また島田氏にしてはめずらしくホロリとさせるラスト。余韻が残りますねぇ。御手洗氏が不在という設定で始めは危ぶんだが、どうしてどうして石岡氏もなかなかやるものです。これからの石岡氏の活躍にも期待をもてる一冊であります。まあ、あの推理は「因縁」という事で良しとしますか・・・。








アトポス/講談社ノベルス

悪い意味でまたやってくれましたね。というのが正直な感想ですか・・
「水晶のピラミッド」と類似した作品で、続編とも呼べるかもしれませんが、これはミステリーの形を借りた「ある作中人物」の「成長記」と「あるテーマ」について問題を掲げる「社会派」小説なのかもしれません。
この「アトポス」面白いことは面白いのですが(確かに引き込まれるものはあります)何か漠然とした不満が残る。島田氏の「御手洗シリーズ」ということで過度に期待しすぎているのでしょうか。

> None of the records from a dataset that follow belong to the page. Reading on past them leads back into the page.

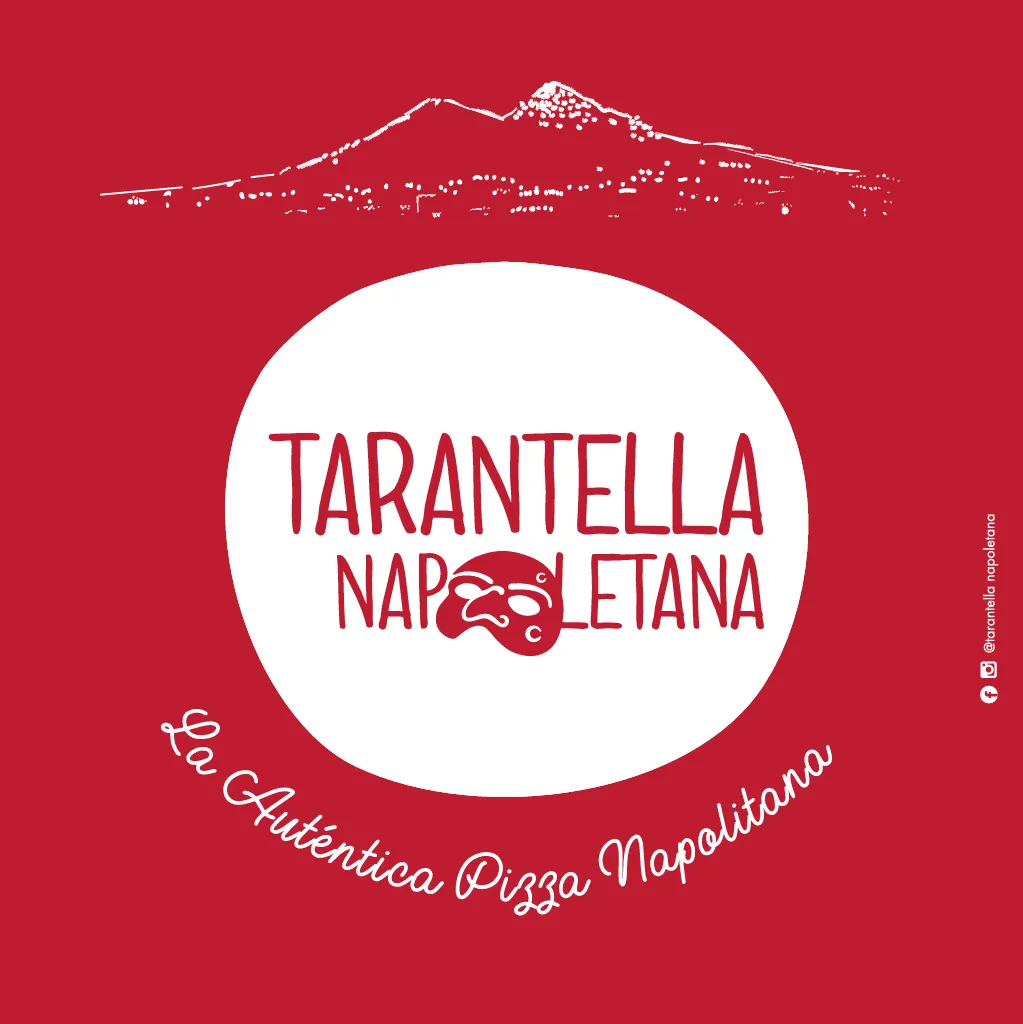La Tarantella Napoletana Mirasol, photo 2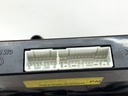 STARK-939610-2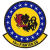 Group logo of U.S. Air Force 19th Fighter Squadron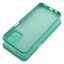 Kryt Case Silicone 2mm Motorola Moto G54 5G Mint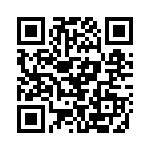 XM3F1520 QRCode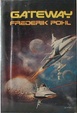 Cover of Gateway
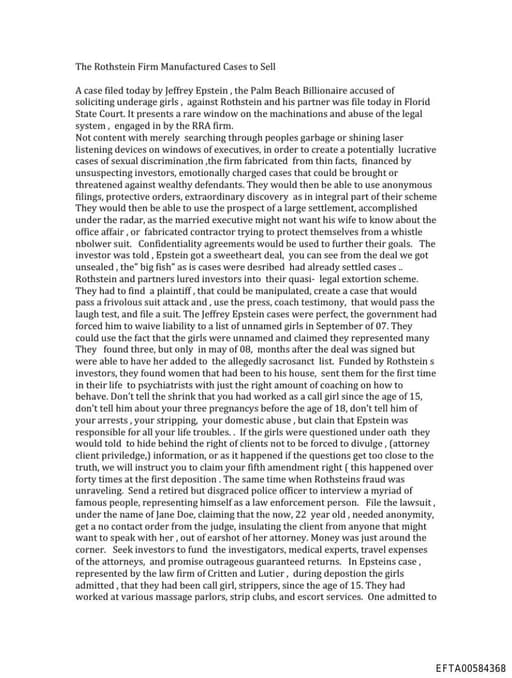 Preview of EFTA00584368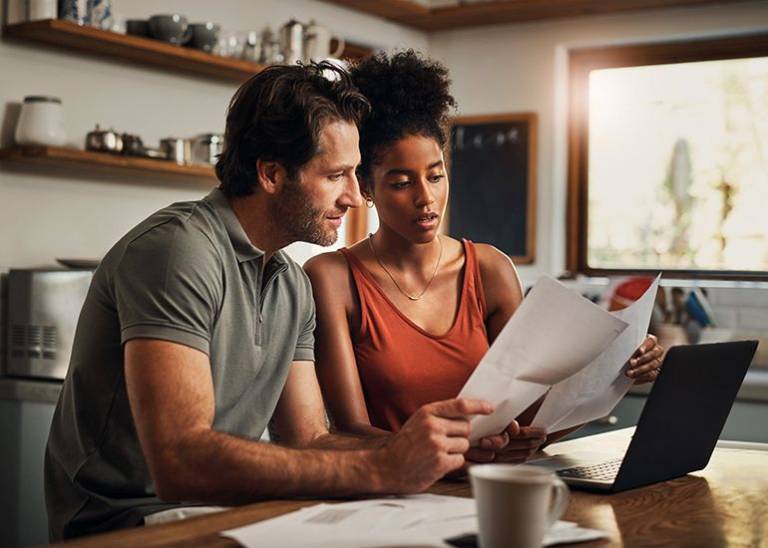 Are you paying thousands in ‘lazy tax’? 6 spending hacks to save you big money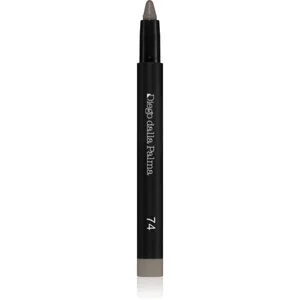 Diego dalla Palma - Stylo 3 en 1 Eyeliner 1 g Marron unisex pas cher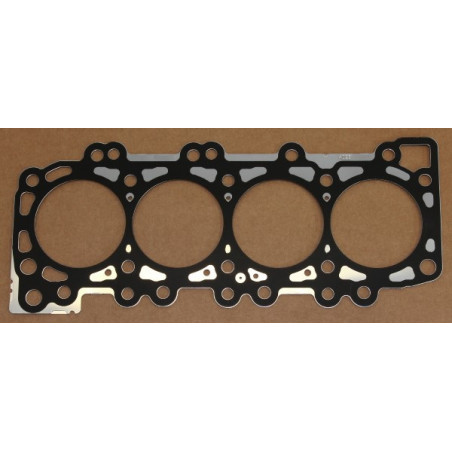 Joint de culasse ELRING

ブラド・ツェペシと並ぶ吸血鬼伝説の一方の雄「エリザベート・バートリー」のエピソード部分や、過去の香港の奇妙な出来事、人間の心臓を割いて血をすする人物等のエピソードを読むと、これから一体どうなるのかと期待が膨らむのですが・・・。実際このエピソード部分は大変面白い。いっそのこと綾辻氏の「殺人鬼」のようにホラー小説にしてしまったらどうだったのだろうか、とも考えてしまう。ミステリーとしては最後の謎解きの取って付けたようなトリックは不満が残ります。「斜め屋敷」や「暗闇坂」では物語に溶け込んでいたのでまだ良かったのですが・・・。(それでもかなりスゴイトリックでしたけれども・・)まあ、あの演出を収拾するためには仕方ないともいえますがねぇ。